The Hai Lab at that time was developing wireless devices for sensing brain signals. This was during the early months of the COVID-19 pandemic, and Vareberg first reached out about helping with remote projects. He eventually joined as a Ph.D. student in the fall of 2021.

“One of the big takeaways that I had from Professor Liu's class was that when you're working with bioelectronics, specifically in neuroscience, there's a huge trade off,” he said. “Is it invasive? Do you have the spatial or temporal resolution that you need to either record signals or send signals to the brain? Can you really modify the brain or read brain signals to the fidelity that you want? And when you're doing it, is it introducing anything that might negatively impact the brain? What we're trying to do is remove some of these obstacles, remove the invasiveness, but also maintain the resolution that we need to interact with very specific brain regions.”

Now in his fifth year, Vareberg is starting to think about what comes after his degree. He plans to transition to working in industry – somewhere where he can research, develop products in a fast-paced environment, and help people on a larger scale.

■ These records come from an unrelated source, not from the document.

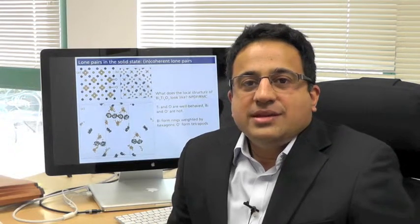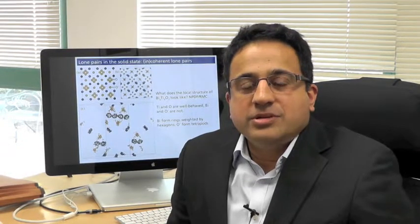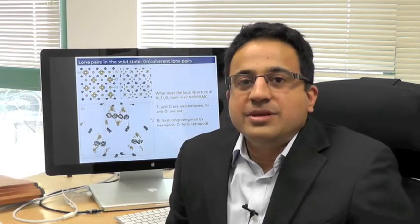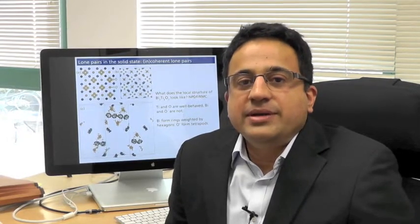My name is Ram Seshadri and I'm a professor in the Department of Chemistry and Biochemistry as well as in the Materials Department, and our research concerns structure-property relationships and functional inorganic materials.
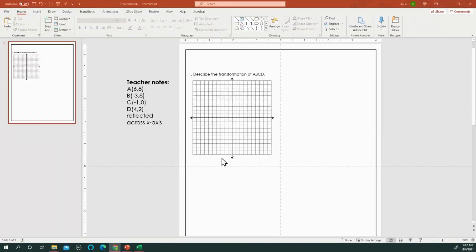Hi, efficient math teachers. Today we are going to be looking at creating transformations on a coordinate plane.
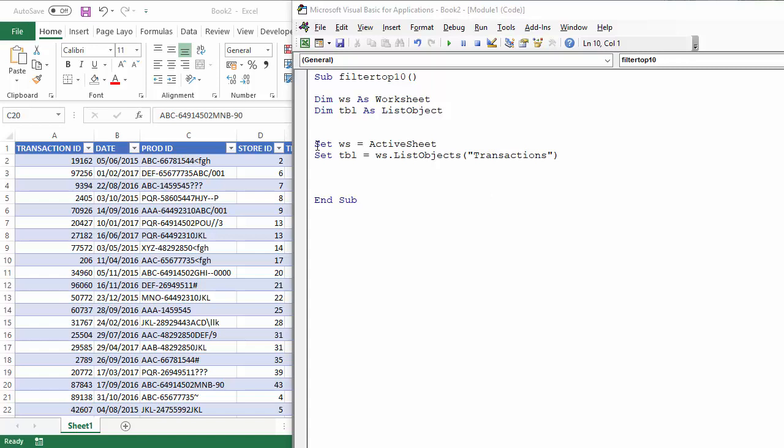I've started off the sub procedure for you a little bit here. I've declared some variables. One for the worksheet, which is set as the active worksheet, and one for the table that I'm going to be filtering.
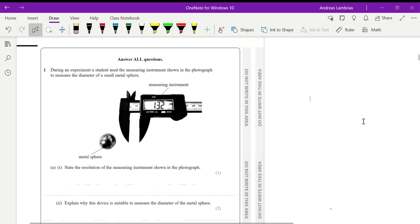This question is from unit 3, the alternative to practical. During an experiment, a student used the measuring instrument shown in the photograph, which is a vernier caliper, to measure the diameter of a small metal sphere.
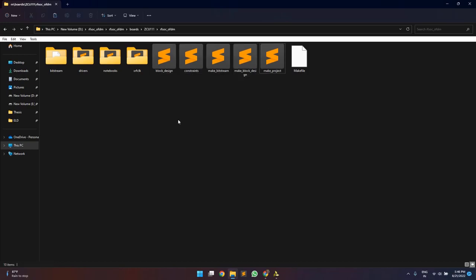Hello everyone. The next step is to create a Vivado project. In this, we will create a block design in which all the IPs, including the OFDM transmitters and receivers, interpolate and decimate, will be integrated with the Zynq processing system and the RF data converters. This block design will be used to generate the bitstream which will be used to program the RFSOC board.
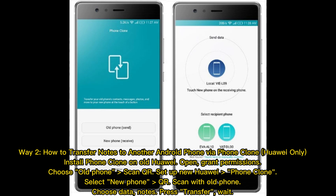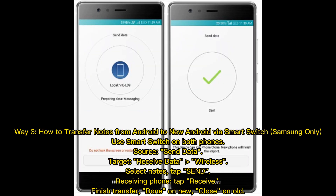Choose the data and notes you want, then press Transfer and wait. Way 3: How to transfer notes from Android to new Android via Smart Switch — Samsung only. Use Smart Switch on both phones: the source phone selects Send Data, the target selects Receive Data, choose Wireless, select Notes, then tap Send.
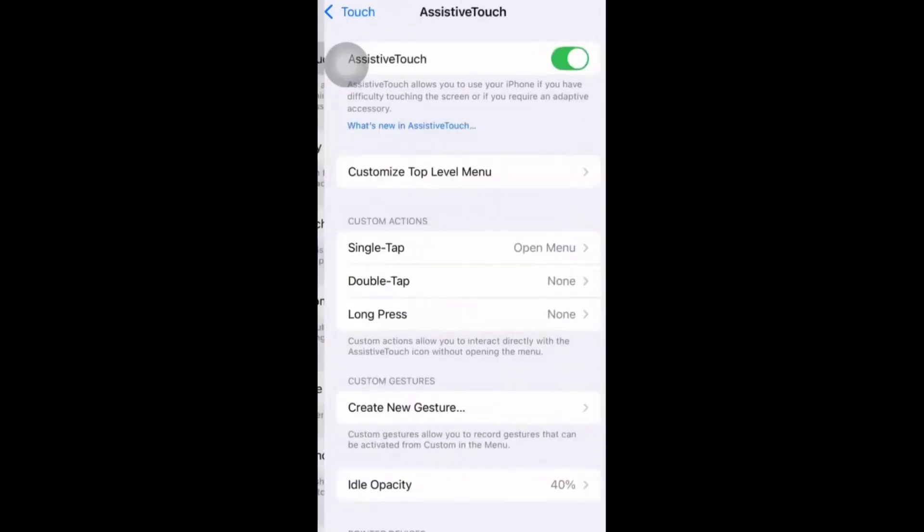So once you click on assistive touch, you can get different options: customize top level menu, single tap, double tap, long press, create new gesture, etc.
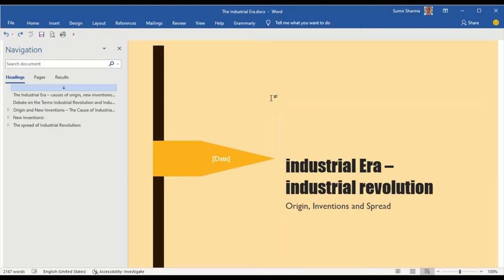Industrial Revolution, origin, inventions and spread is one of the major topics in the syllabus of Punjab University BA final history course.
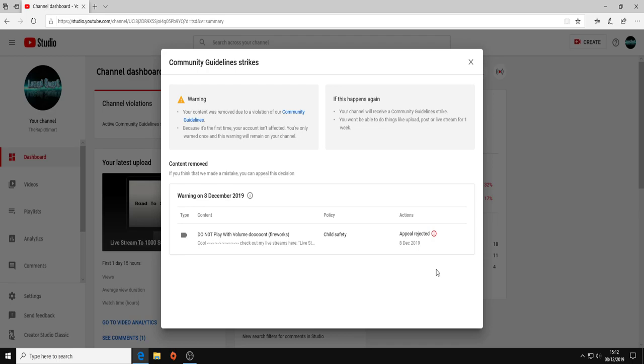Your content was removed due to a violation of our Community Guidelines. Because it's the first time, you are only warned once and this will remain on your channel. If this happens again, your channel will receive a Community Guidelines strike. You won't be able to do things like upload, post, or live stream for a whole week.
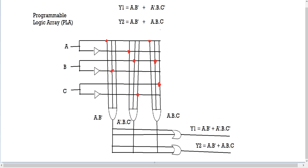Now for the OR gates. For y1, we need A·B' — mark the first AND gate output on the first wire — and A'·B·C' on the second wire. For y2, we need A·B' — mark that output — and A·B·C on the second wire. A'·B·C' is not in y2 so we skip it. And there you have it — a fully functioning PLA for y1 and y2.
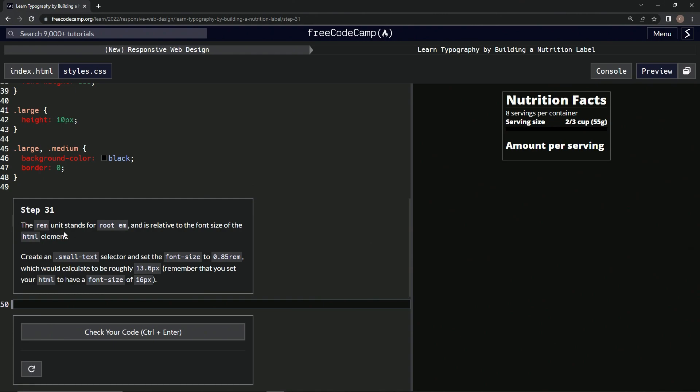The REM unit stands for root EM and is relative to the font size of the HTML element. We're going to create a small text selector and set the font size to 0.85 REM, which would calculate to be roughly 13.6 pixels, because we set our HTML to have a font size of 16 pixels.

“I love academia in the sense that you get to answer some pretty interesting questions, and it can act kind of like a startup if you're in the right environment, but I just love the actual environment of startups,” he said. “What I love about neuroscience and neurotech is that everybody's like working towards something similar, and 99.9% of the time, it's for a very noble reason. A lot of people have connections to neurotech, or have people living with Parkinson's disease or depression. It's a community that is really working to improve lives and coming at it from every angle.”